| What needs to be done |
Write out the lines of the material below exactly, beginning at the line with "Just wait for" and stopping after the line with "Today we see", and leave out the pictures.

| Records for this exercise |
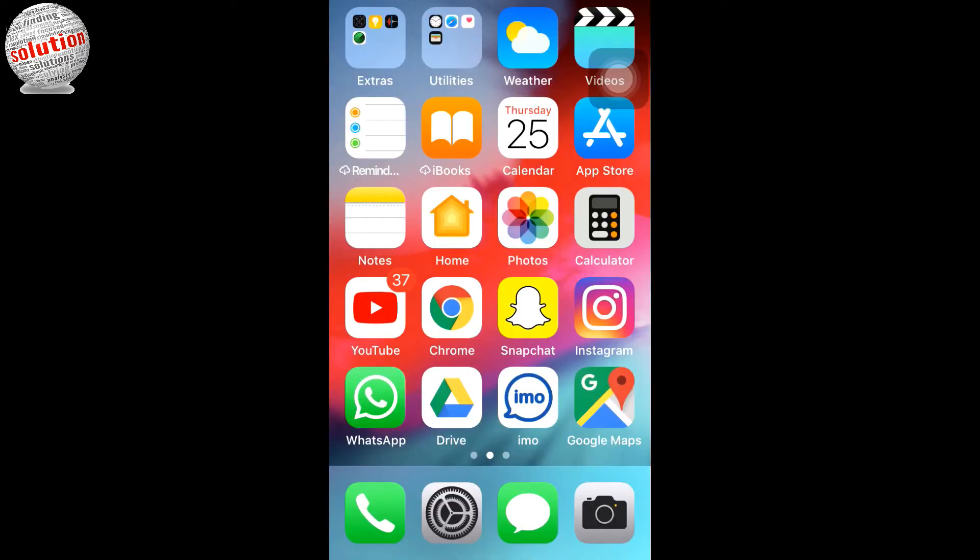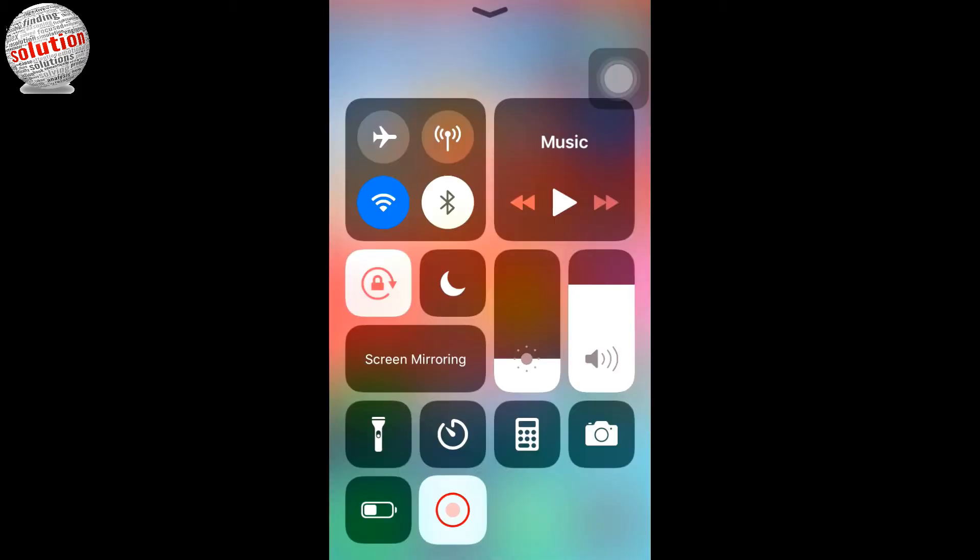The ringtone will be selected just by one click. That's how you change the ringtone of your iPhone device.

---

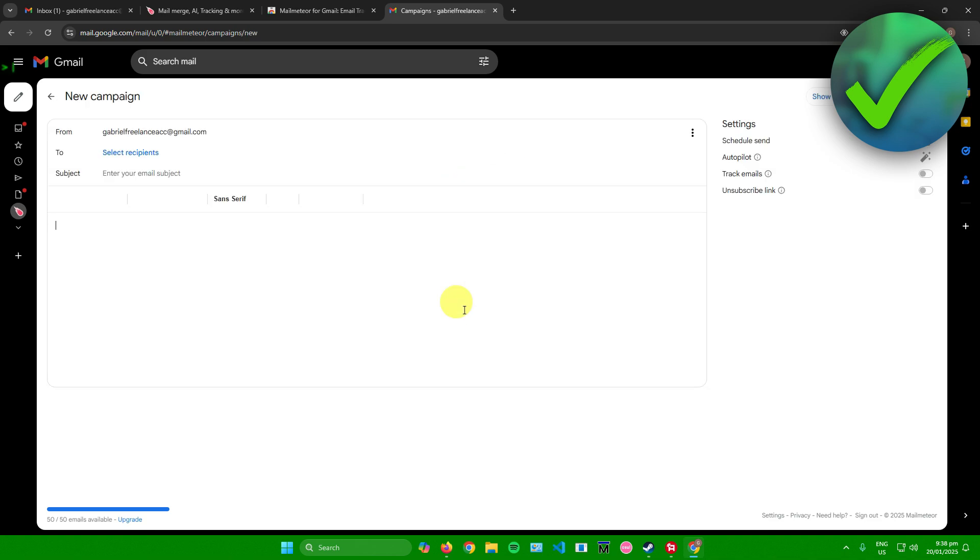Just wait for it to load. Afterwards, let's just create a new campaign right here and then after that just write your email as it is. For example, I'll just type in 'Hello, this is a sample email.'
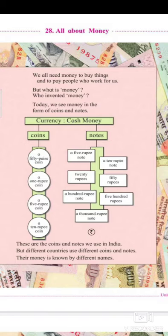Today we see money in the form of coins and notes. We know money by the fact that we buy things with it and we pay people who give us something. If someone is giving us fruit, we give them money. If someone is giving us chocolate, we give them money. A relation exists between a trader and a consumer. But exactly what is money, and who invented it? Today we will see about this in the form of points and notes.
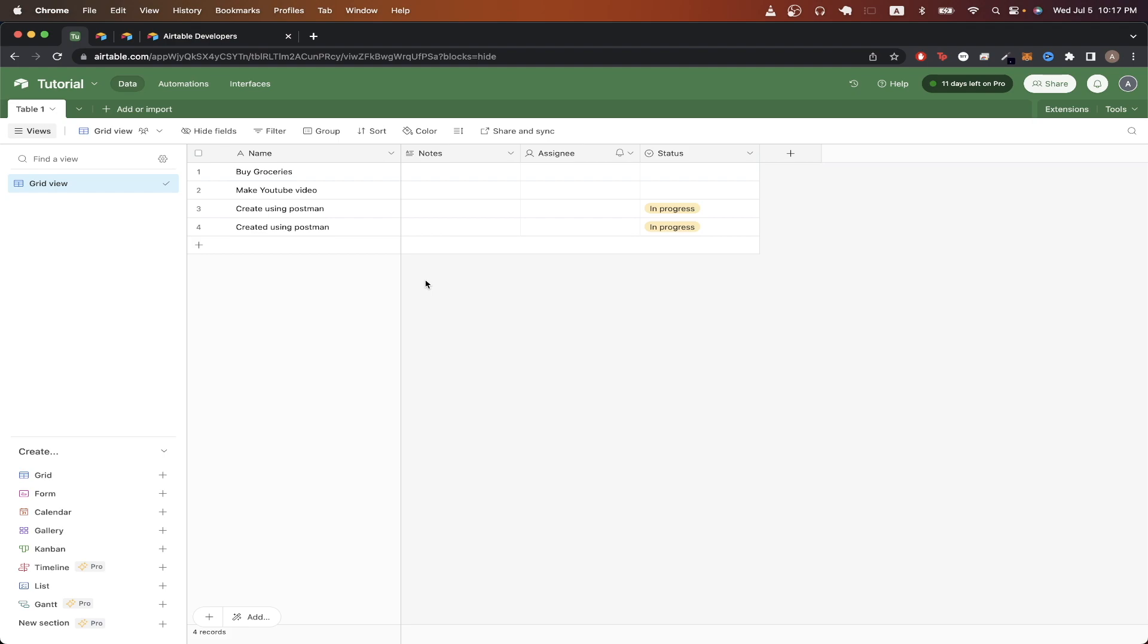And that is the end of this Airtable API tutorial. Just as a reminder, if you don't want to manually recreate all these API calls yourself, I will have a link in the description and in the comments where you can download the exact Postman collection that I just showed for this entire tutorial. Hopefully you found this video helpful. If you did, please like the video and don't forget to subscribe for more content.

| Response to this exercise |
Just wait for it to load. Afterwards, let's just create a new campaign right here and then after that just write your email as it is. For example, I'll just type in 'Hello, this is a sample email.'
Today we see money in the form of coins and notes. We know money by the fact that we buy things with it and we pay people who give us something. If someone is giving us fruit, we give them money. If someone is giving us chocolate, we give them money. A relation exists between a trader and a consumer. But exactly what is money, and who invented it? Today we will see about this in the form of points and notes.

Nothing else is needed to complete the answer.